PROBLEM DESCRIPTION: Output the listing verbatim, leaving out every picture.

*** Begin section ***

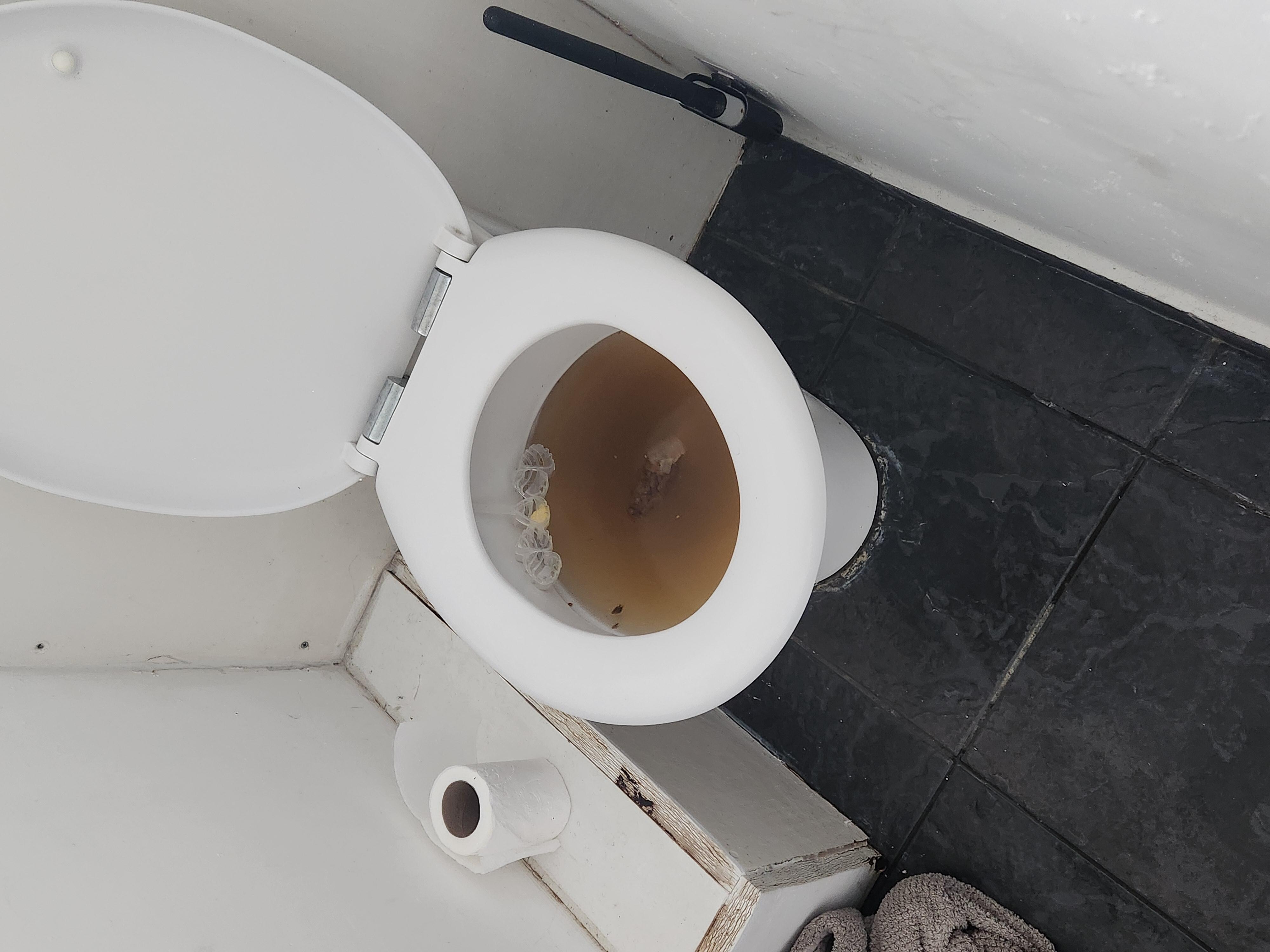 Blocked toilet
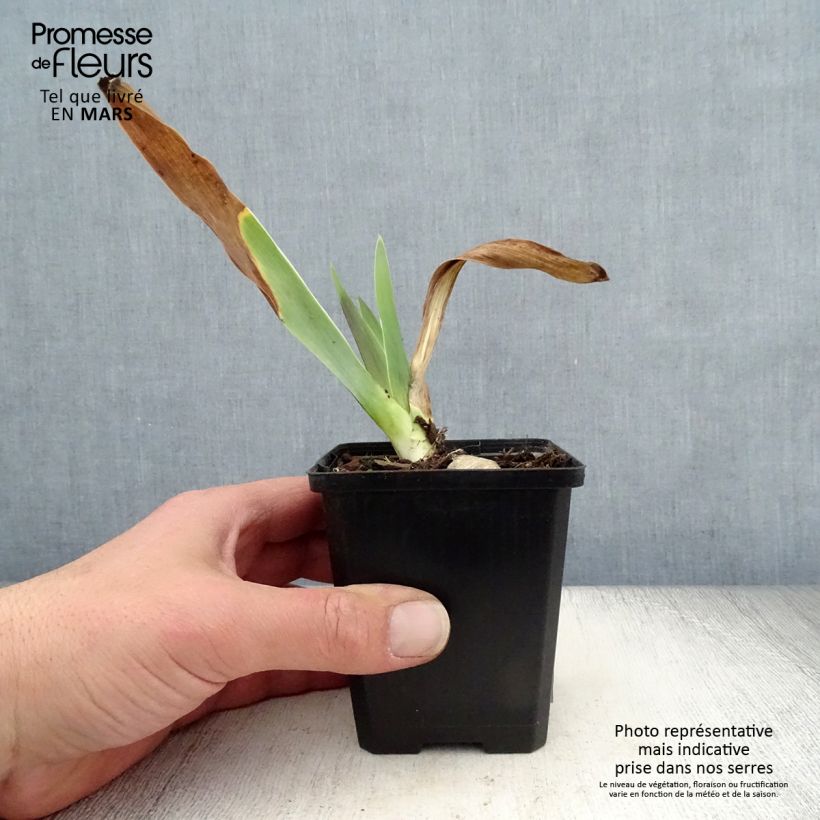 Exemplar von Iris Rosalie Figge - Schwertlilie Kleine Töpfe von 8/9 cm wie im Frühjahr geliefert
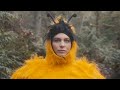 The Head and the Heart - "Honeybee" Official Music Video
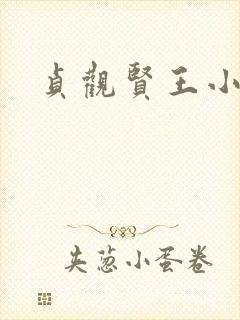 贞观贤王小说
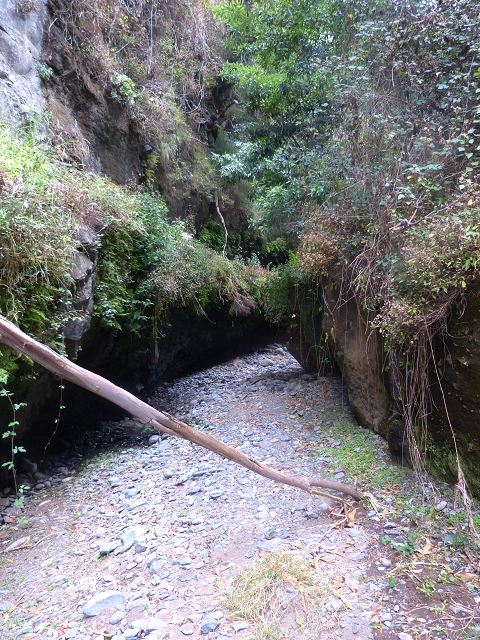 24.07.2014 Levada do Canico and Levada dos Tornos (south) — To the Madre — photo 9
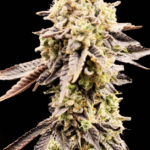 Common Wealth Seed Co Xenon cannabis plant image 1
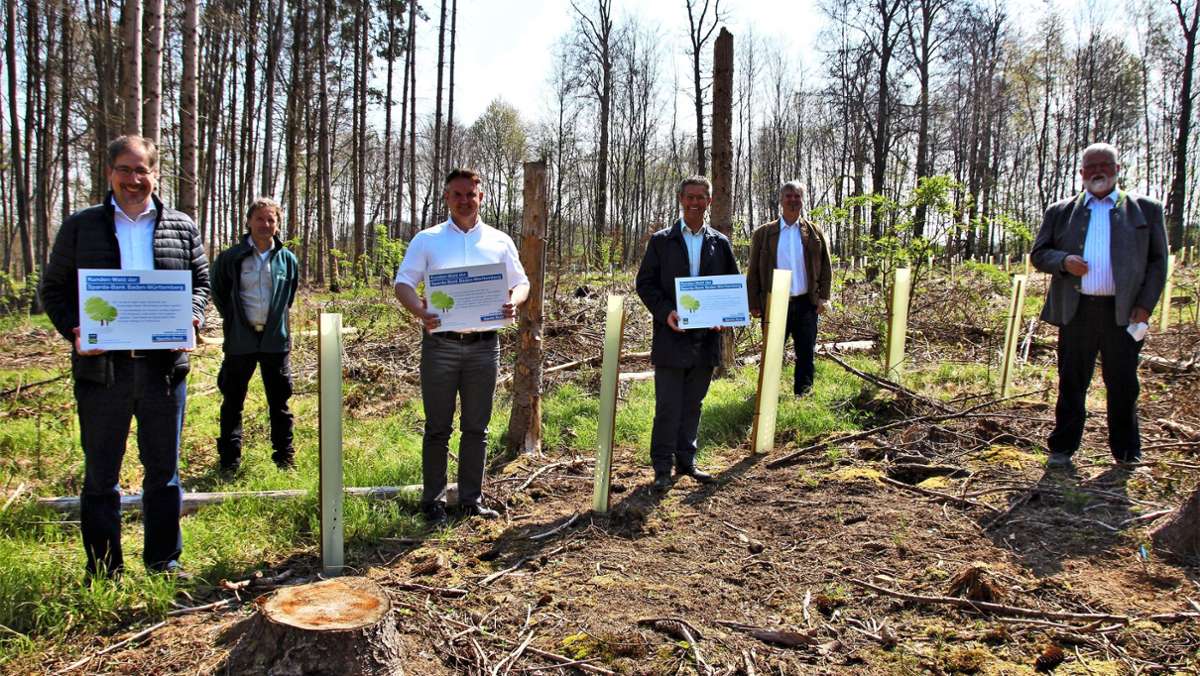  Im Rahmen einer Spendenaktion sind in den Gemeindewäldern Notzingen, Hochdorf und Wernau sind 4775 neue Baumsetzlinge gepflanzt worden. Denn in den Wäldern werden robustere Baumarten benötigt. 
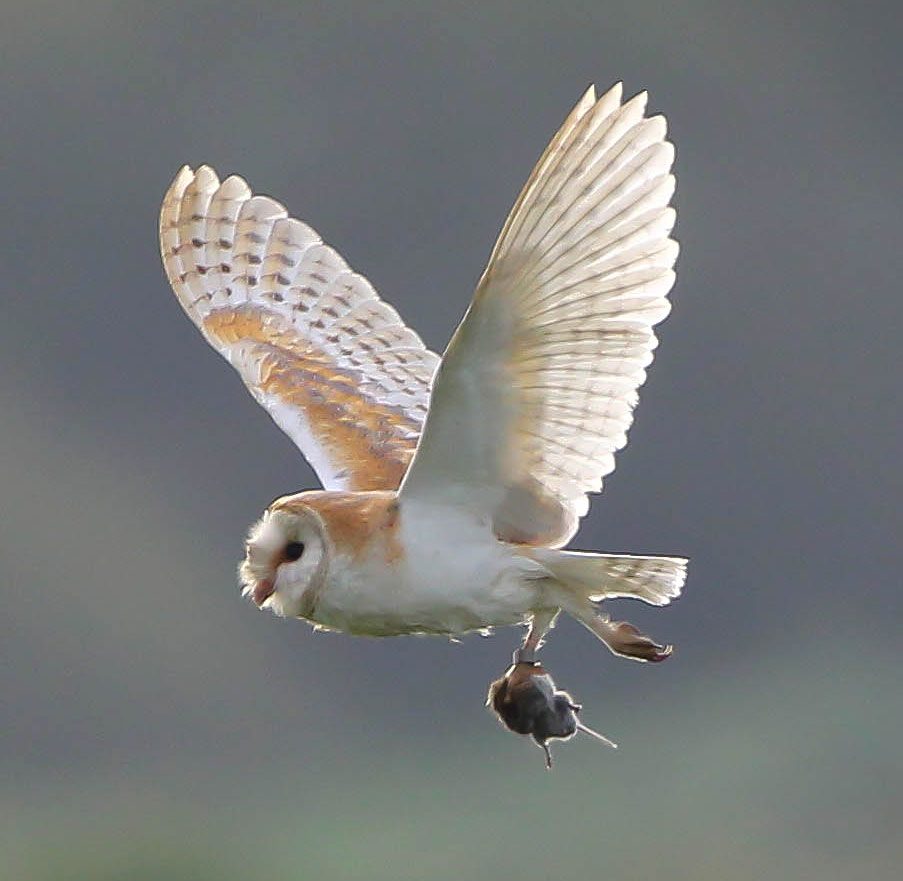 A Barred Owl with prey. By Tony Rawson via Birdshare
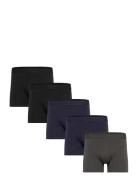 Claudio 5-Pack Tights Bokserit Multi/patterned Claudio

*** End section ***

ANSWER BOX:
 Blocked toilet
 Exemplar von Iris Rosalie Figge - Schwertlilie Kleine Töpfe von 8/9 cm wie im Frühjahr geliefert
 The Head and the Heart - "Honeybee" Official Music Video
 贞观贤王小说
 24.07.2014 Levada do Canico and Levada dos Tornos (south) — To the Madre — photo 9
 Common Wealth Seed Co Xenon cannabis plant image 1
  Im Rahmen einer Spendenaktion sind in den Gemeindewäldern Notzingen, Hochdorf und Wernau sind 4775 neue Baumsetzlinge gepflanzt worden. Denn in den Wäldern werden robustere Baumarten benötigt. 
 A Barred Owl with prey. By Tony Rawson via Birdshare
 Claudio 5-Pack Tights Bokserit Multi/patterned Claudio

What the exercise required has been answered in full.